Regarding WildFly and Log4j 1.x

[KGA Official]

Hi Folks,

Coming from https://www.wildfly.org/news/2021/12/13/Log4j-CVEs/

I understand WildFly has a "shaded" copy of Log4J 1.x in the form of: org.jboss.logmanager:log4j-jboss-logmanager

I know we aren't vulnerable technically. , but our requirement/directive is to "no longer ship" Log4J 1.x.

Is it possible to simply remove the log4j-jboss-logmanager module from WildFly?

Is that used by WildFly internally or was it provided to benefit applications who might need it?

Any plans for WildFly to stop shipping this in the future?

Thanks,

Regards,

Akshay

[philippe....@gmail.com]

Hello

"log4j-jboss-logmanager" is not a "shaded copy", it "shades" the log4j1 classes meaning it offers classes with the same name and methods as log4j1 classes but with a vastly different implementation that uses jboss-logmanager. See for yourself [1]. I assume it's intended for applications that are programmed against log4j but want to make use of the unified logging in WildFly. I think you should be able to just delete the module.

 [1] https://github.com/jboss-logging/log4j-jboss-logmanager

Cheers

Philippe

[James Perkins]

To answer the "Is it possible to simply remove the log4j-jboss-logmanager module from WildFly?", no.

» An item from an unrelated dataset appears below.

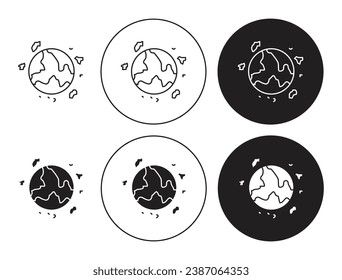Conjunto de iconos de la línea de residuos espaciales. Icono de basura espacial en color negro.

There are modules that require log4j 1.x still and it cannot be removed.

[KGA Official]

Interesting view.

So, from a technical standpoint I should treat "log4j-jboss-logmanager" as an actively maintained component of WildFly and doesn't fall into the "obsolete" category of Log4J 1.x.

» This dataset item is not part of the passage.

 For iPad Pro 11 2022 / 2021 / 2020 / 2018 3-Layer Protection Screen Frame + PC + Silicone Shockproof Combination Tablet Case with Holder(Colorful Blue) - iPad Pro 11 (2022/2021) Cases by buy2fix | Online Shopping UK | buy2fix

Thus, in theory applications that are using Log4J1.x _via_ log4j-jboss-manager and running on WildFly can continue to remain there and not be worried.

Is that a fair enough statement?

Because a counter point:

"Despite a vastly different implementation", I do see that all "vulnerabilities" that applied to Log4J 1.x were also present in the code here, but might not be executable due to other defaults.

Thanks,

Regards,

Akshay

[KGA Official]

Thanks.

Are there plans to remove this in upcoming WildFly releases?

Thx,

regards,

Akshay

[James Perkins]

It is maintained, but it does shade in most of log4j. Mostly it just replaces the log manager parts to delegate to the jboss-logmanager.

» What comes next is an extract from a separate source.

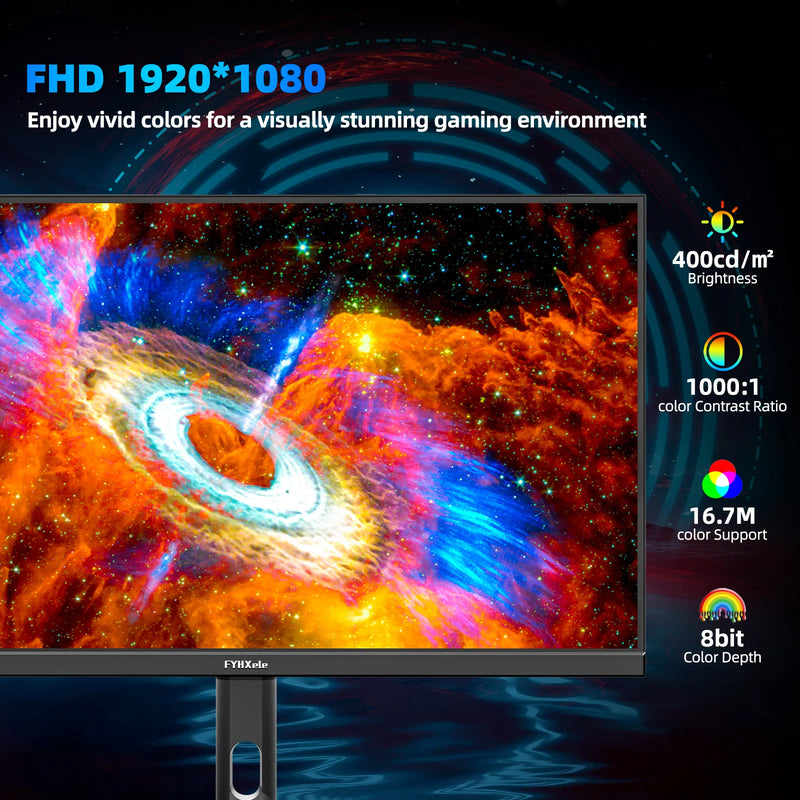 FYHXele 27 inch 380Hz Gaming Monitor 1080P IPS 0.5ms GTG Computer Monitor Adjustable Vertical Monitor Support FreeSync HDR VESA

As much as I'd love to see it removed, I don't see that being possible anytime soon.

[Usman Ashraf]

Hey,

Just to confirm again,  log4j-jboss-logmanage is not open to vulnerabilities just like Log4j 1.X and safe to use in our projects? Right?

[James Perkins]

Hello,

The log4j-jboss-logmanager does bring in log4j types. However, the only way you'd be vulnerable is if an attacker could change your log4j.properties or log4j.xml file in your deployment. If you don't have either of those you are not vulnerable at all.